Based: Cape Town
Native Young are a Cape Town based African-psycadelic-pop band. I first came across them at The Flamjanged Tea Party this year where I was drawn to the stage by their distinctly unusual sound. A month later I stumbled across them again, busking at the V&A Waterfront. They had about 20 copies of their debut EP stacked in a velvet lined guitar case and by the end of their set they had sold every one of them. It was fantastic to fully appreciate how worthwhile one hour of busking can be for musicians.
Native Young are, in fact, prone to busking all over. They regularly play ‘sneaky’ roadside gigs throughout Cape Town in addition to a steadily increasing number of scheduled gigs. They also performed at Cape Town NuWorld Festival this year alongside some incredible international acts.
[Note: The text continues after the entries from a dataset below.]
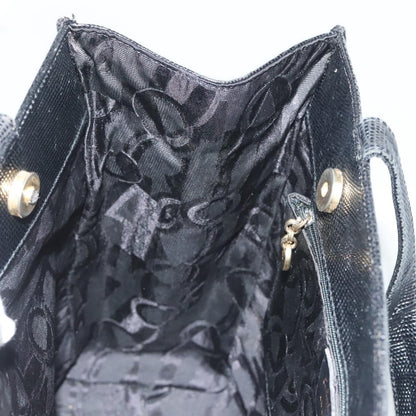 Salvatore Ferragamo Vala Shoulder Bag Leather, BLACK, LEATHER, Shoulder bag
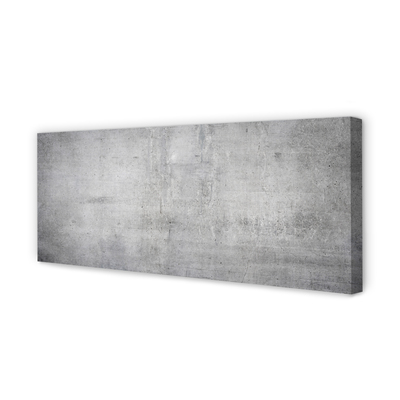 Quadro em tela Muro de pedra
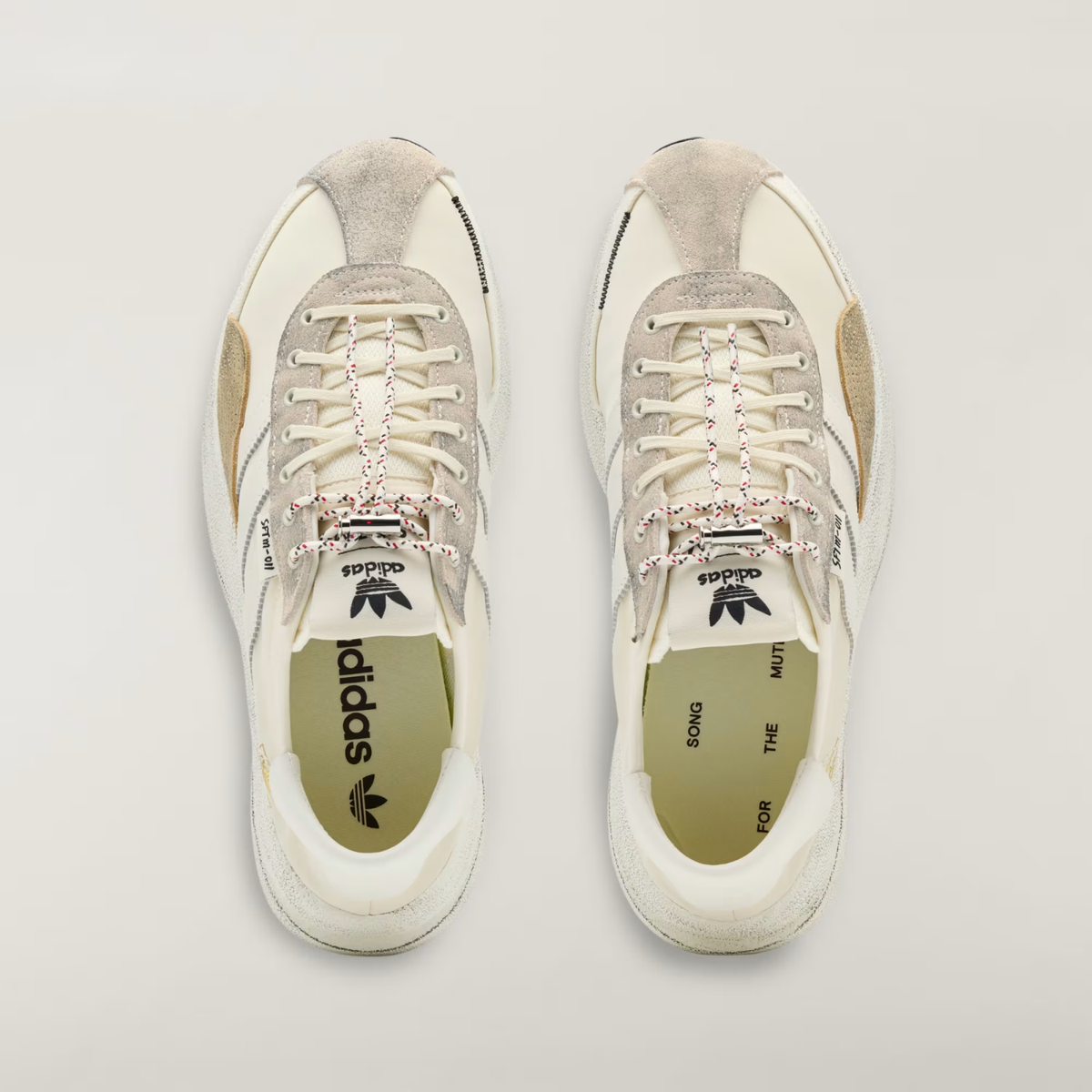 SL 72 Pro Song For The Mute Cream White/Core White/Off White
Native Young, considered the ‘brainchild’ of front man Yannick Meyer, has grown over the last year to become the six piece band it is today, blurring the lines between cultural musical barriers with band members hailing from South Africa to Spain. Their debut single, “Children of the Sun”, released last September was released in the UK, America and Europe and was included in the UK Elle “Sounds of Summer” it-list. Their unique, eclectic sound has since caught the attention of UK record company PIAS, with whom they recently sealed an EP deal.
The band incorporates a number of unusual instruments in their performance, including marimba, banjo, djembe drums and the hang – a German instrument comprised of two metal shells joined together, with indentations which when tapped produce different notes. Yannick Meyer adds a fresh element to the sound with his smooth falsetto vocals. Their overall sound is down-tempo, delicately foot-tapping and constantly evolving from one song to the next.
Native Young are bringing a new, fresh and delightfully traditional twist to the local indie scene, encompassing their moral ideals along the way. A band that is planning to record their debut album at live locations throughout the Transkei, in order to fully encompass their traditionally African sound, is certainly one to look out for.